Number of IO MPI tasks can be varied by selecting which
dimensions use parallel IO and which dimensions use Serial send to boss
I/O.

Thus can neck down from, say 1024 nodes = 4x4x8x8 to {1,8,32,64,128,256,1024} nodes
doing the I/O.

Interpolates nicely between ALL nodes write their data, a single boss per time-plane
in processor space [old UKQCD fortran code did this], and a single node doing all I/O.

Not sure I have the transfer sizes big enough and am not overly convinced fstream
is guaranteed to not give buffer inconsistencies unless I set streambuf size to zero.
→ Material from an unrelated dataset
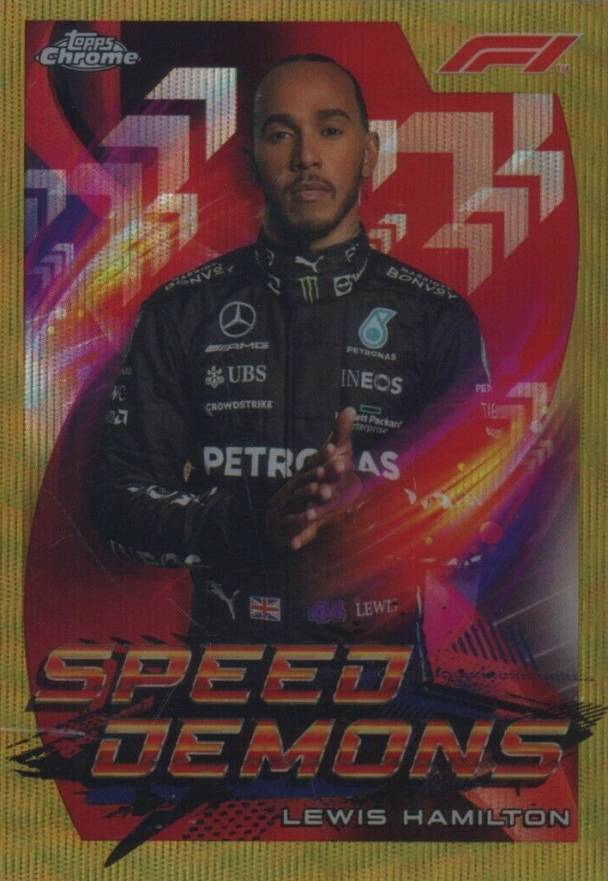 2022 Topps Chrome Formula 1 Speed Demons Lewis Hamilton #SDLH Other Sports Card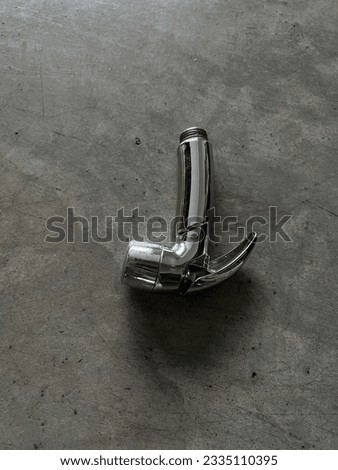 shower head in the bathroom  inoperable condition. Royalty-Free Stock Photo #2335110395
Practically it has worked on 8 tasks, 2x1x2x2 writing /cloning NERSC configurations
on my MacOS + OpenMPI and Clang environment.

It is VERY easy to switch to pwrite at a later date, and also easy to send x-strips around from
each node in order to gather bigger chunks at the syscall level.

That would push us up to the circa 8x 18*4*8 == 4KB size write chunk, and by taking, say, x/y non
parallel we get to 16MB contiguous chunks written in multi 4KB transactions
per IOnode in 64^3 lattices for configuration I/O.

I suspect this is fine for system performance.
2015-08-26 13:40:29 +01:00